What is expected. Return, exactly as written, the lines of the material from its top through the line with "Today I'm going", keeping pictures out.

Dataset excerpt.
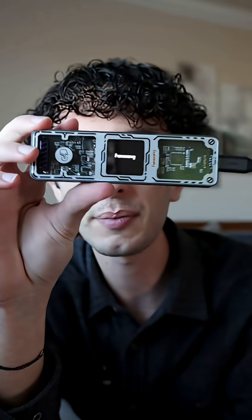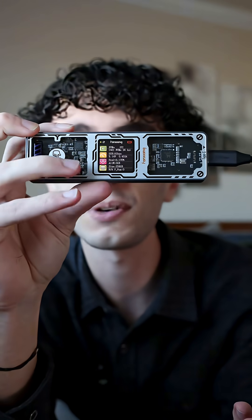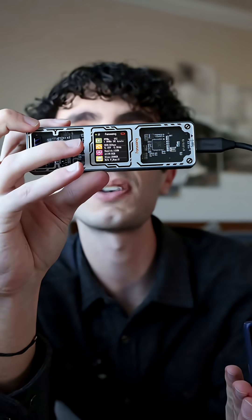Once it powers up, you can see different information like read and write speeds, temperatures, and the current data transfer speeds.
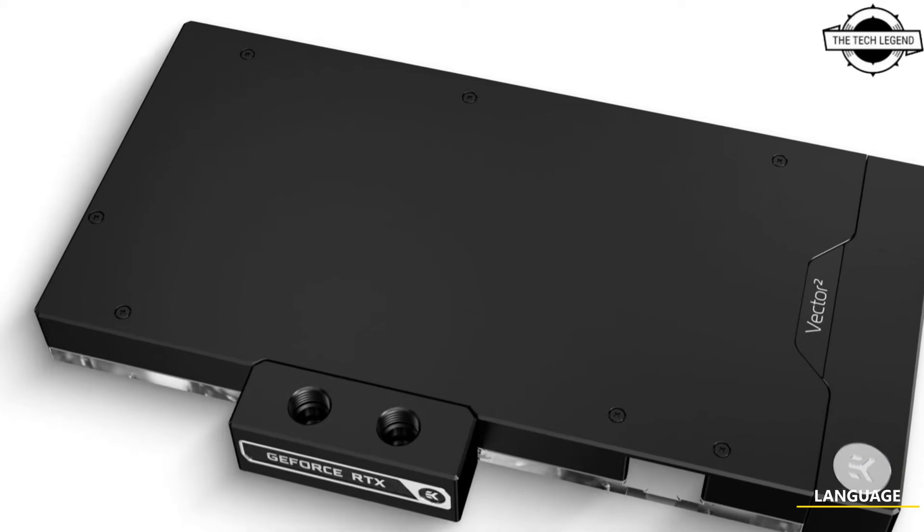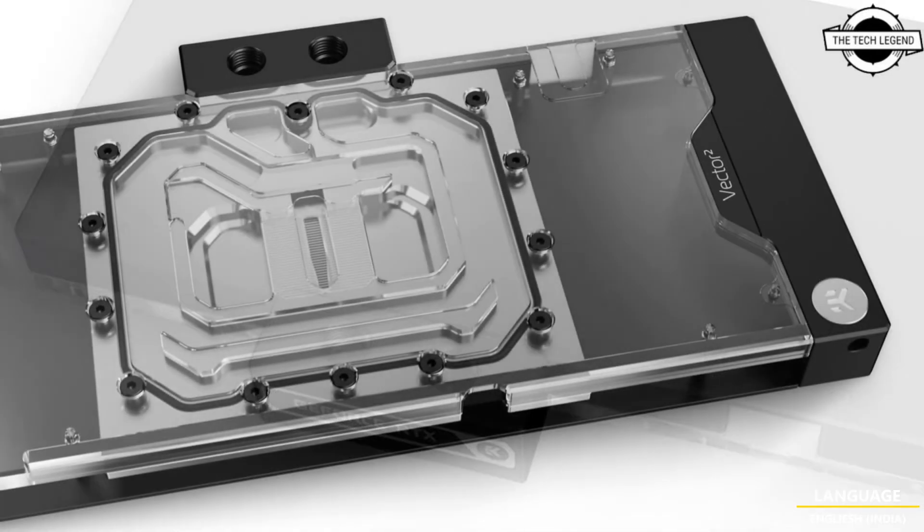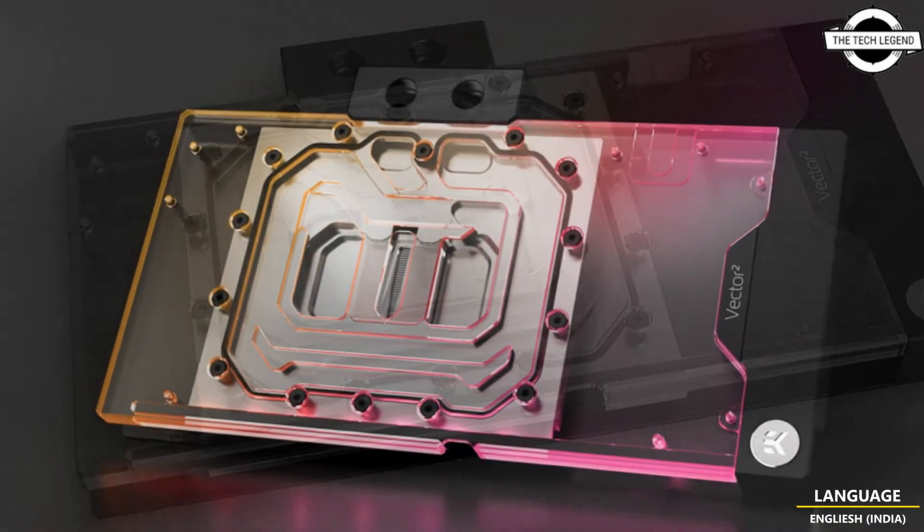Hello friends, welcome to the Tactics Edge channel. Today I will talk about the EK Vector Square Master Water Block for Gigabyte RTX 4080 graphics cards.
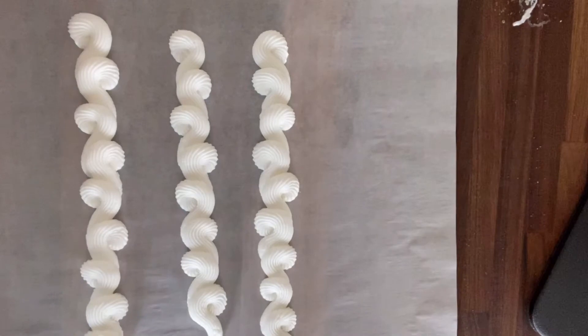Today I'm going to be showing you how to pipe a reverse shell border. This is going to use any kind of star tip and you can choose your size according to what will fit best with your cake.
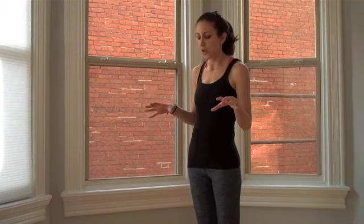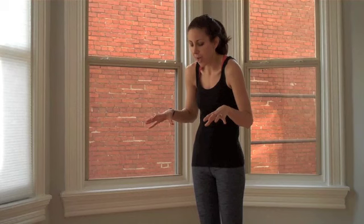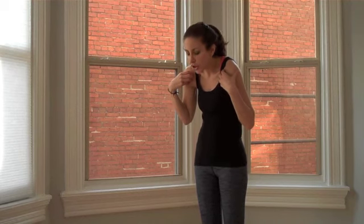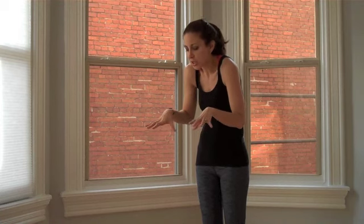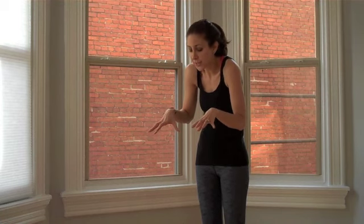Most of us who have desk jobs are sitting at a desk all day and sort of hunched over. So first we're rounding in your upper back, your shoulders move forward, your head moves forward, your hands move up, your shoulders move up. You sort of create this good zombie apocalypse look.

Exercise output.
Once it powers up, you can see different information like read and write speeds, temperatures, and the current data transfer speeds.
Hello friends, welcome to the Tactics Edge channel. Today I will talk about the EK Vector Square Master Water Block for Gigabyte RTX 4080 graphics cards.
Today I'm going to be showing you how to pipe a reverse shell border. This is going to use any kind of star tip and you can choose your size according to what will fit best with your cake.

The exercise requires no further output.